What you will do:
Starting at the line below that contains "como jogar roleta europeia" and ending at the line that contains "Nineteenth-Century Theatrical Memoirs.", retype each line exactly as it stands, but omit the pictures.

─── The records ───

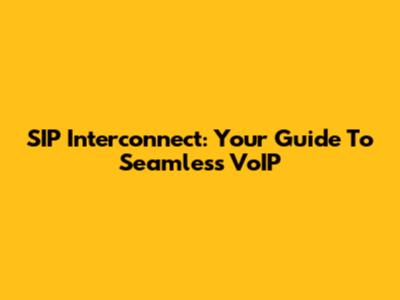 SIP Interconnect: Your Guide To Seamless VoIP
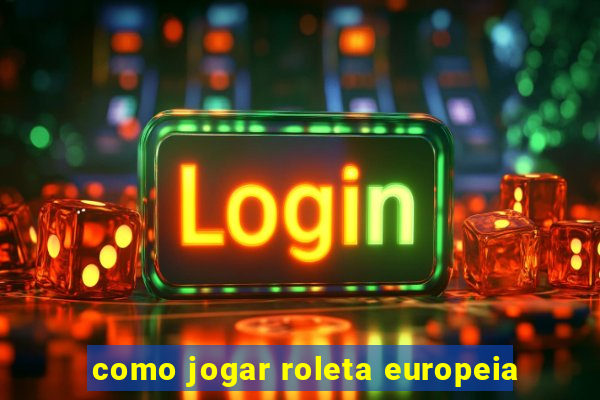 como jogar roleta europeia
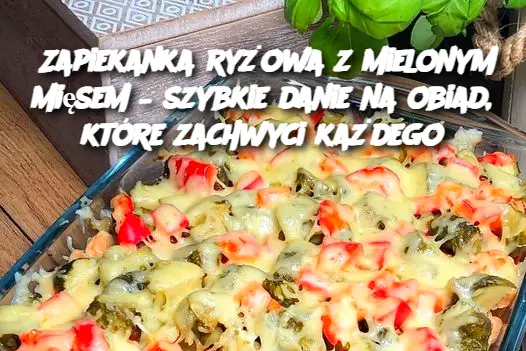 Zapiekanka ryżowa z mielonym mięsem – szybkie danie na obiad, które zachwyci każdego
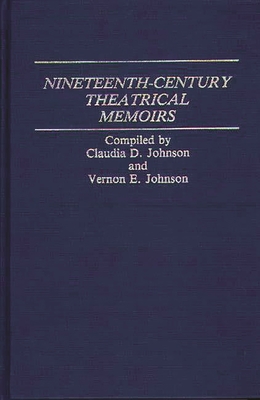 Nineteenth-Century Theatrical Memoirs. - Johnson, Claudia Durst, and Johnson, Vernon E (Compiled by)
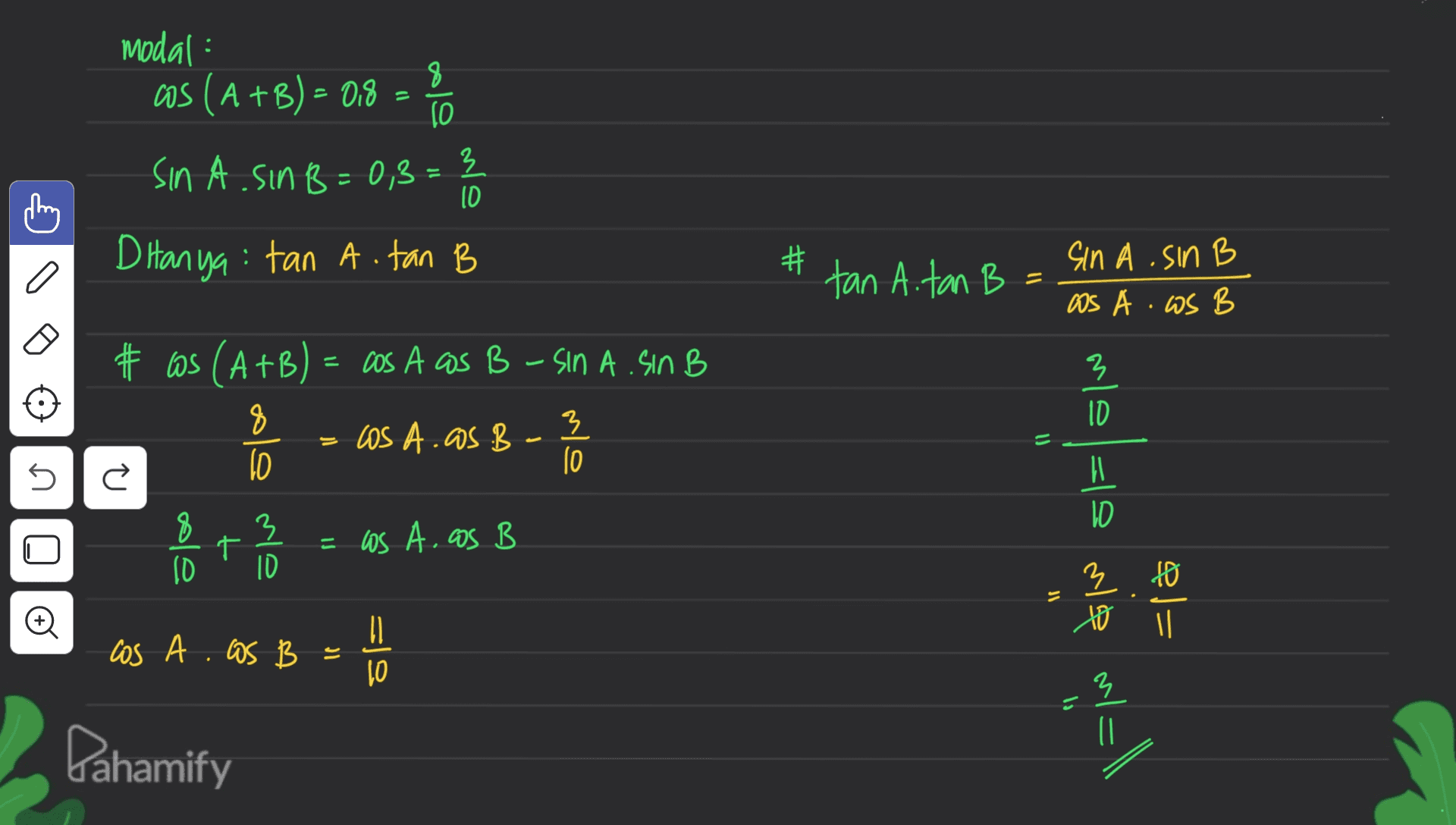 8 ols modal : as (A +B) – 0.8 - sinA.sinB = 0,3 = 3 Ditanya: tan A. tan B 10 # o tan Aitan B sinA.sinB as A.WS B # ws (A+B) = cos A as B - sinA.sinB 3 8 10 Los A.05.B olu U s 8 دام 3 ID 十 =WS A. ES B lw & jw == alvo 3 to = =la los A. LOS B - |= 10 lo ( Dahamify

───
─── The records ───

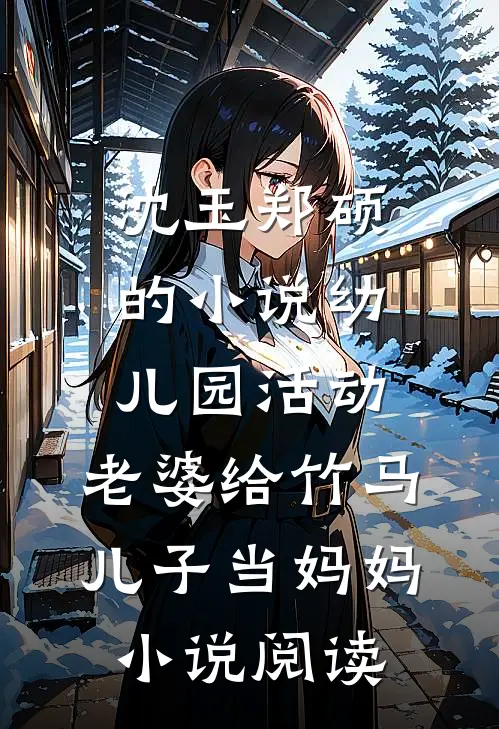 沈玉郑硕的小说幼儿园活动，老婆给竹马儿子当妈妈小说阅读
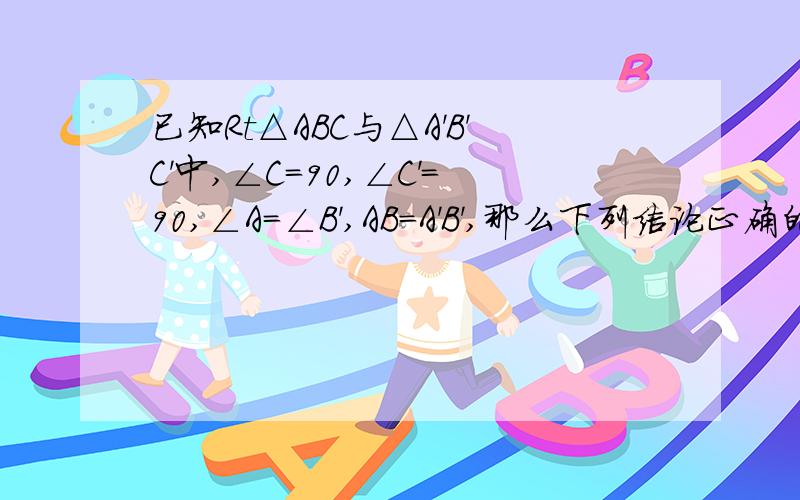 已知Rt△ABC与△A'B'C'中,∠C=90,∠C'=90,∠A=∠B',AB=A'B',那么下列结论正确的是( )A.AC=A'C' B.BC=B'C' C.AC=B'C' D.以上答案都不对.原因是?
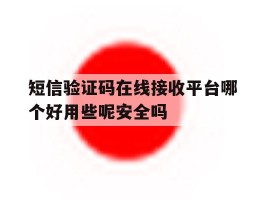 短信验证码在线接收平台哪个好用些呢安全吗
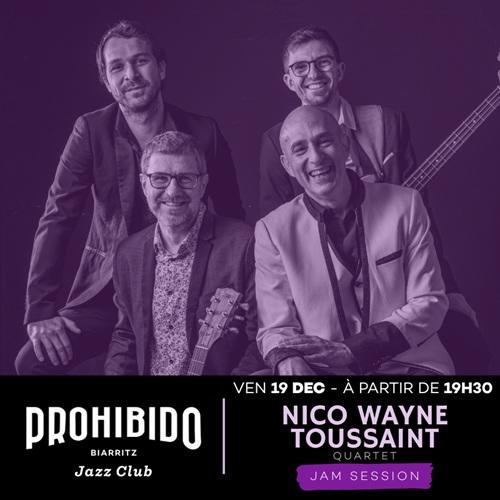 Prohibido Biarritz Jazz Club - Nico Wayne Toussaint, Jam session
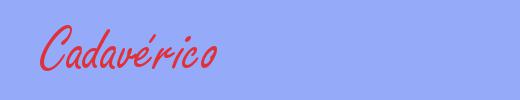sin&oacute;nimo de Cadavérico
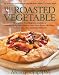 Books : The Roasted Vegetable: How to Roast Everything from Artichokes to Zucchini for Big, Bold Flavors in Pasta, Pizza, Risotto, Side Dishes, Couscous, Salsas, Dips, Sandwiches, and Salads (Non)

───

Result of the task:
 como jogar roleta europeia
 Zapiekanka ryżowa z mielonym mięsem – szybkie danie na obiad, które zachwyci każdego
 Nineteenth-Century Theatrical Memoirs. - Johnson, Claudia Durst, and Johnson, Vernon E (Compiled by)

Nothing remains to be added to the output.